It’s amazing how our bodies are able to feel pleasure – whether it’s the taste of ice cream, the feeling of petting a kitten, the sound of our favourite song, the smell of jasmine flowers, the sight of a beautiful sunset, or the emotions we experience when we spend time with a good friend. Sex can also be pleasurable – whether we are by ourselves or with someone else. But it can be harder to talk about sex than about ice cream or sunsets. So we might wonder: Should sex feel good for us? How do people make sex feel good / better? Is it ok for us to have sexual pleasure by ourselves (also known as masturbation)? What should we do if sex is pleasurable for our partner but not for us? How do we get comfortable with feeling this kind of pleasure if bad sexual stuff has happened to us? Who are the right people to ask about these things?
Everyone – even someone who will never have sex – has a sexual orientation. Sex is about what people do, but sexual orientation is about what people are. It includes things like what kind of person we feel sexually & romantically attracted to – if we’re attracted to anyone this way. Words like straight, gay, lesbian, bisexual, and asexual describe some sexual orientations.

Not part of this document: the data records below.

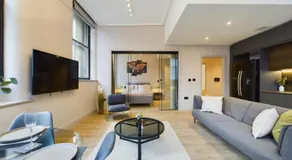 Luxury Stunning 2bedroom city centre - Image 2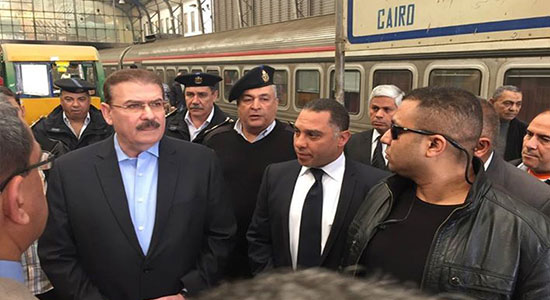 وزير النقل يتفقد محطة سكك حديد مصر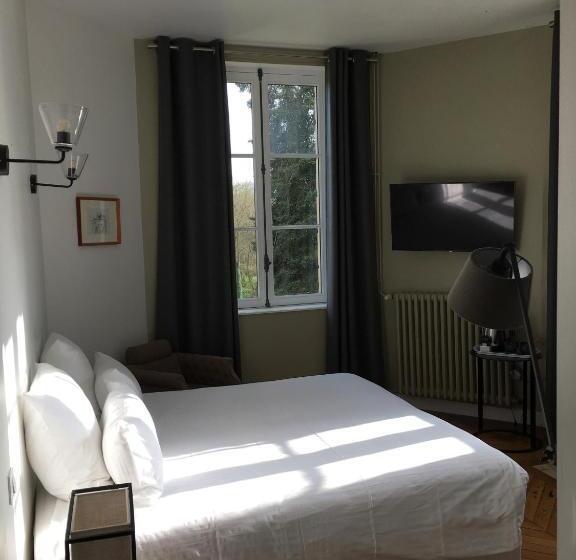 スタンダード４人部屋, Château De Perreux, The Originals Collection
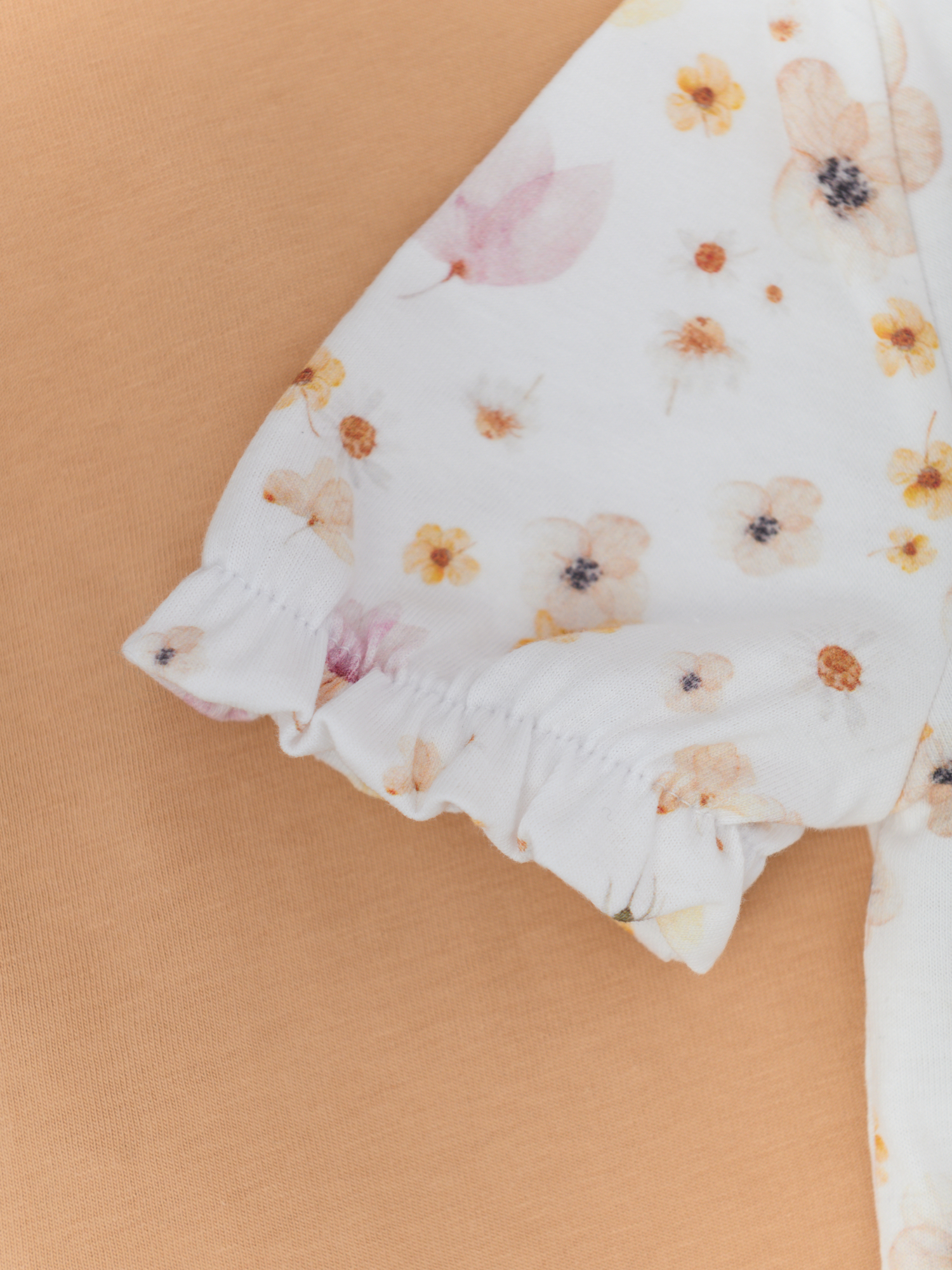 Футболка для девочки (116/32, персик/цветы)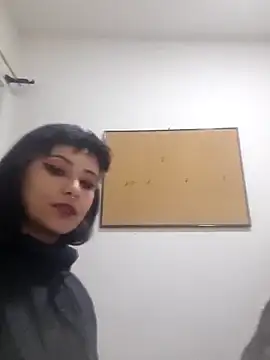 Sandyofi online show from November 2025 11:15:01 PM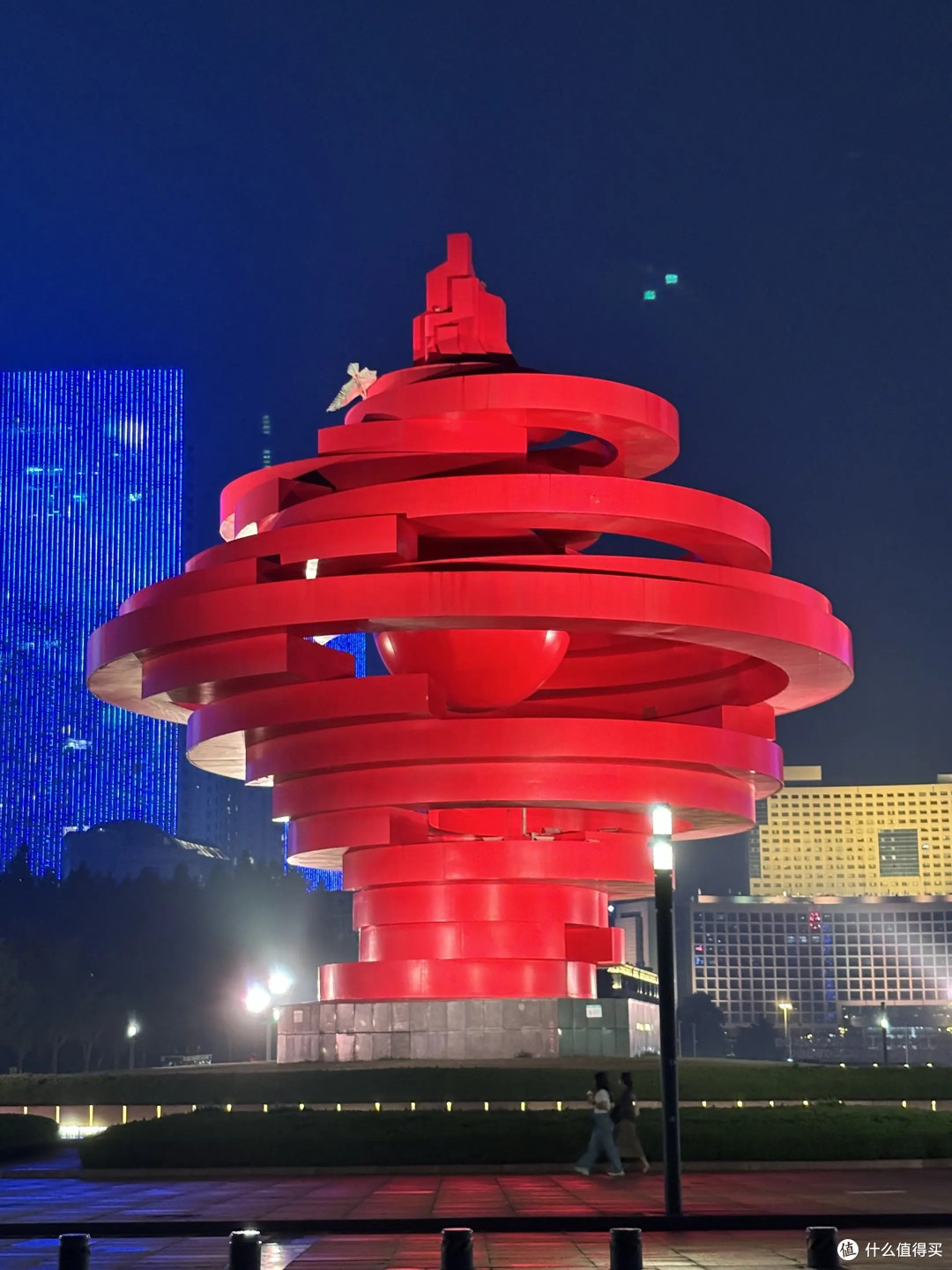 青岛夜景:海滨城市的璀璨夜晚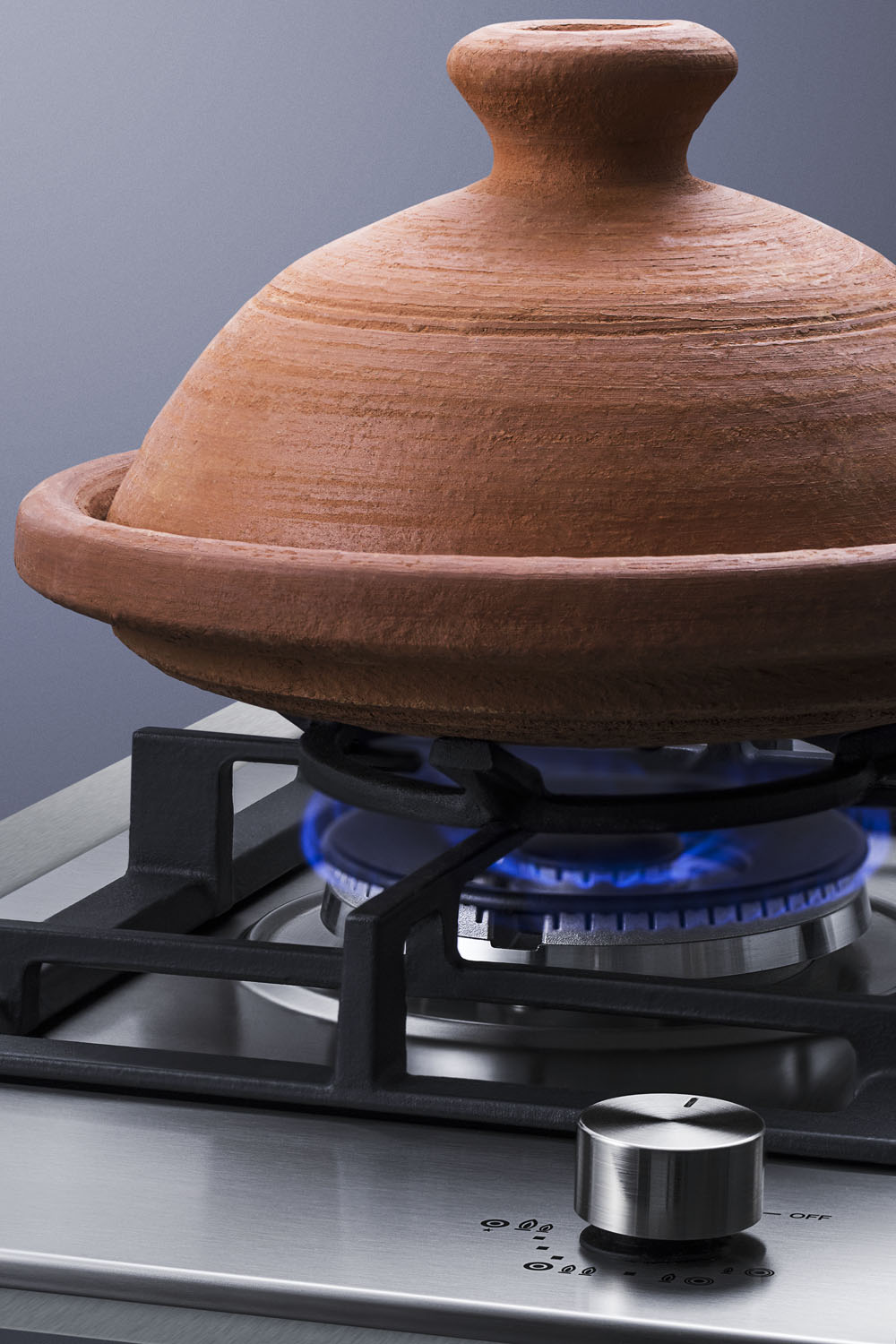 1-burner gas cooktop made in Italy with a sealed dual-burner, cast iron grate, 304 grade stainless steel surface, and stainless steel trim kit to cover 15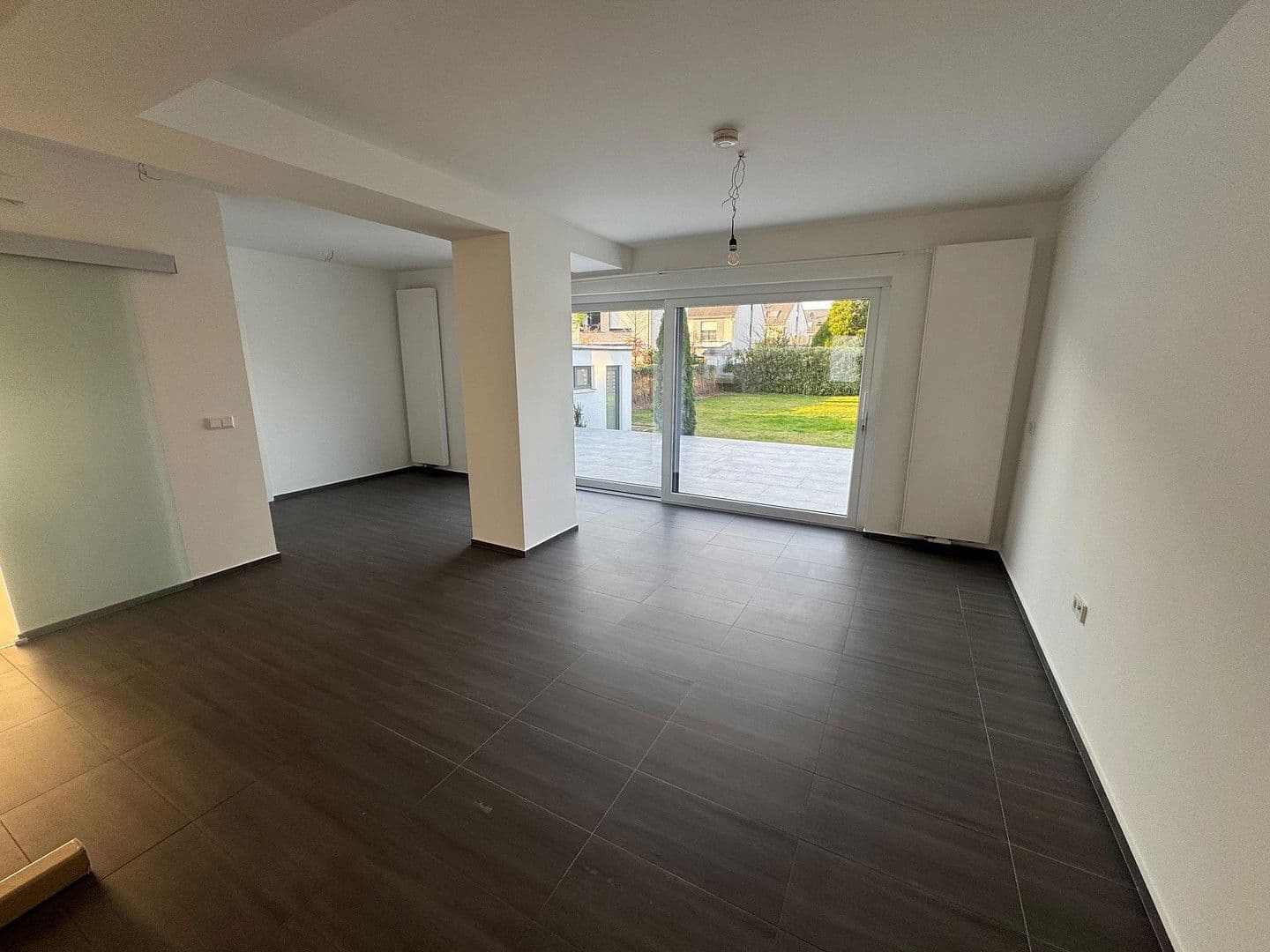 Predaj domu 200 m², pozemek 668 m², Leverkusen, Severné Porýnie - Westfálsko Predaj domu 200 m², pozemek 668 m², Leverkusen, Severné Porýnie - Westfálsko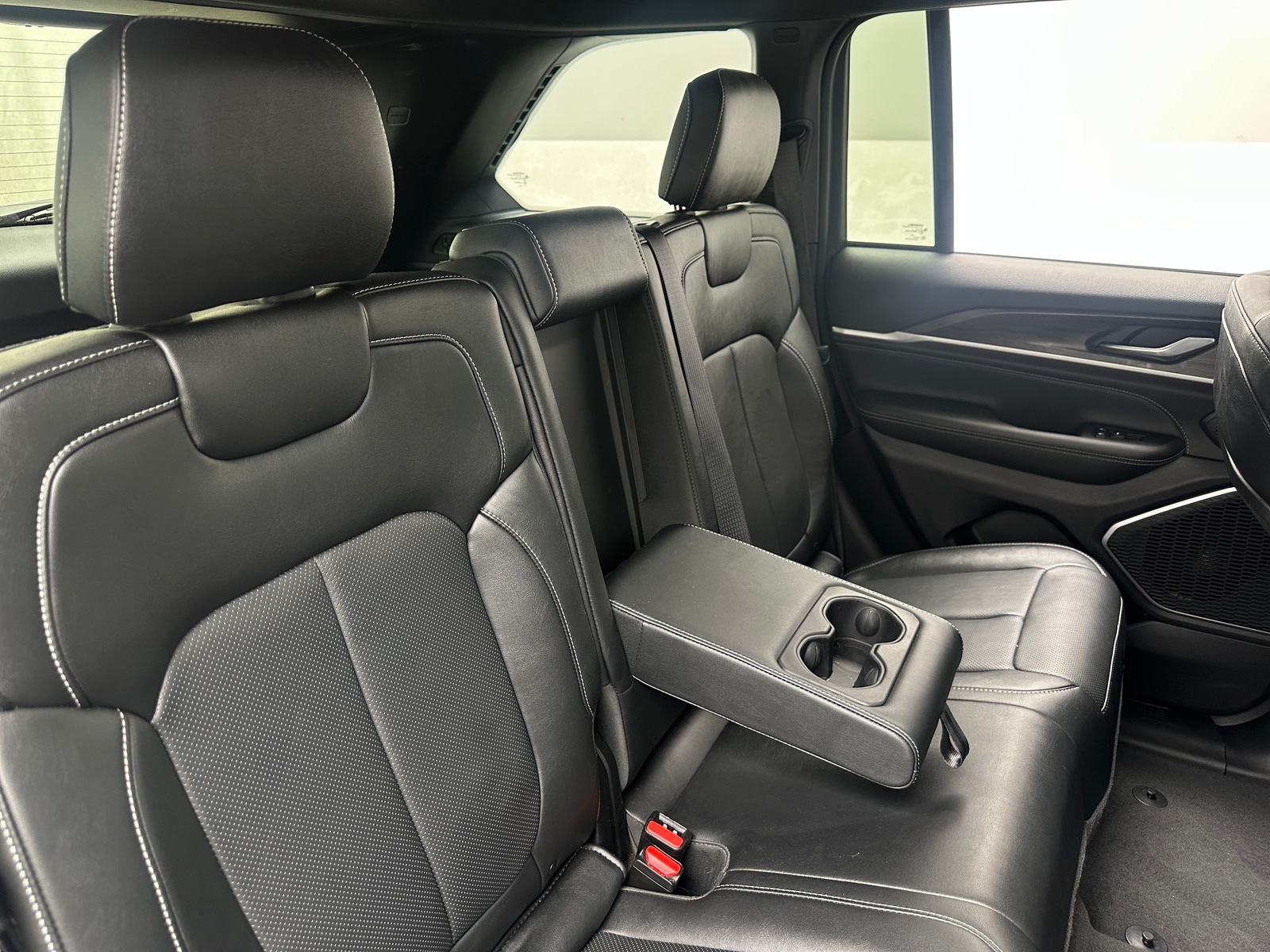Thumbnail: 2026 Jeep Grand Cherokee - 5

When we were born, the doctor probably said “It’s a boy!” or “It’s a girl!” Gender Identity is about how well we feel these words (boy, girl, man, woman) fit us right now. Do some words feel like they describe us better than others? Do none of them feel right? Words like male, female, cisgender, transgender, and gender fluid describe some gender identities.
This stuff can be fascinating. It can be complicated. We may wonder: Can gender identity or orientation change? Do I need permission to be gay? Are some sexual orientations and gender identities better than others? What does LGBTQ mean? What’s with the Pride Parade anyway?